Although there’s something simultaneously uplifting and sad about watching the struggles of young Selena Quintanilla (played by “The Walking Dead’s” Christian Serratos) and her family — knowing that stardom, and tragedy, wait on the other side — the show carries the overly manicured feel of a licensed product.
As a consequence, the series is both earnest and dramatically flat. The title notwithstanding, much of the focus is on the Tejano star’s dad, Abraham Quintanilla (“Desperate Housewives'” Ricardo Chavira), beginning with him recognizing his daughter’s talent as a child and pursuing a bet-the-house strategy (basically literally) on her success.
That quest unfolds so slowly that the episodes — most of which run less than 40 minutes — exhibit a conspicuous lack of momentum. Tensions do exist within the family, and eventually questions arise about Selena dating as she matures under her father’s watchful and protective eye, but not in a way that elicits consistent involvement thanks to the shortage of dramatic inflection points.
There is, not surprisingly, a lot of music, and key little moments, like the decision that Selena should perform in Spanish. Yet several of the episodes don’t really arc toward anything, but rather abruptly end before moving on to the next chapter.

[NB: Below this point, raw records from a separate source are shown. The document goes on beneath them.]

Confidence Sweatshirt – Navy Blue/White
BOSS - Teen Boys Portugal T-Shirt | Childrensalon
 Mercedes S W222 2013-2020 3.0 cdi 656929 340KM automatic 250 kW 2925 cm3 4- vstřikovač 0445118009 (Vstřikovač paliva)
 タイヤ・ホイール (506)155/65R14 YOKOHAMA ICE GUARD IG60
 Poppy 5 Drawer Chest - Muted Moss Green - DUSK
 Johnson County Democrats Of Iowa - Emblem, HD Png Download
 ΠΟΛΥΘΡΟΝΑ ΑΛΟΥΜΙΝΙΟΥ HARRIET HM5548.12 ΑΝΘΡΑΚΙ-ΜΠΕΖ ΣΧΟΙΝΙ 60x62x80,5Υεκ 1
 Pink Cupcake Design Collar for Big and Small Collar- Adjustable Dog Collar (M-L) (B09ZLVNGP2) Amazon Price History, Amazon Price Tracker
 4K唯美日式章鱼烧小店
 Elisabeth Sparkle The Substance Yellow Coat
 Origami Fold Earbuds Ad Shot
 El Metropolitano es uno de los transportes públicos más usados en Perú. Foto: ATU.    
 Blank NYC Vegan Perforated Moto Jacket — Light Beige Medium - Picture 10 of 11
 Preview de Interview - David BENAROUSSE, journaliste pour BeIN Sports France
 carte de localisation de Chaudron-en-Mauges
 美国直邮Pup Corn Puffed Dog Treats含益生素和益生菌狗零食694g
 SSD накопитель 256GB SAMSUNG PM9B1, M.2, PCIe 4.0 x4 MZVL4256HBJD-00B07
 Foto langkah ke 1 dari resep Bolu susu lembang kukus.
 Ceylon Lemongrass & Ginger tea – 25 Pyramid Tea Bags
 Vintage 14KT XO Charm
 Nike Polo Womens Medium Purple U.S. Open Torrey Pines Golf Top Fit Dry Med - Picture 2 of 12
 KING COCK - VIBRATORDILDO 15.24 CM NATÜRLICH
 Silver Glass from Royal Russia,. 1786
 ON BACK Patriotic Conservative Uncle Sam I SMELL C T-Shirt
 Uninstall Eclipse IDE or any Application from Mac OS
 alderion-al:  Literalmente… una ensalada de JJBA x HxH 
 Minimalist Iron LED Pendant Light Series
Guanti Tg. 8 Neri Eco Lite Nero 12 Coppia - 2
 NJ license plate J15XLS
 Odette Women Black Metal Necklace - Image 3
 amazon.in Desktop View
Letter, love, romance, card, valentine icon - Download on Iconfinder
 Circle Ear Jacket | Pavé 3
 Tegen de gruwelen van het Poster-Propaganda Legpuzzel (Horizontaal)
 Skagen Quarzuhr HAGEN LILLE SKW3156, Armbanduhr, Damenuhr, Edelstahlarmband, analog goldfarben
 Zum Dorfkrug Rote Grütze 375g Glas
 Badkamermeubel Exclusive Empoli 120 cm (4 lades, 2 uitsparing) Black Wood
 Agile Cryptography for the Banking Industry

It’s tempting but not really fair to attribute that to the writing, since the show (created by Moisés Zamora) clearly had to operate with the equivalent of one hand tied behind its back. The episodic format advances at a snail’s pace — unlike movie biographies that by necessity race to the good stuff.
Selena’s life was previously turned into a 1997 film starring Jennifer Lopez, also produced with the family’s cooperation. The film’s producer has sued the family and Netflix, claiming he retained the TV rights.
For Netflix, the attention “Selena: The Series” will generate — both from media outlets and subscribers — represents half the battle, and by that measure likely already counts as a win. Indeed, a second part of the program’s bifurcated run is still to come.
Like “Elvis,” though, the series underscores that nostalgia for musical icons has its dramatic limits, tending to work more effectively as a tribute than a TV show. It’s a reminder, too, that in the era of infinite streaming shelf space, services too often assume that anything worth doing is worth overdoing.
“Selena” premieres Dec. 4 on Netflix.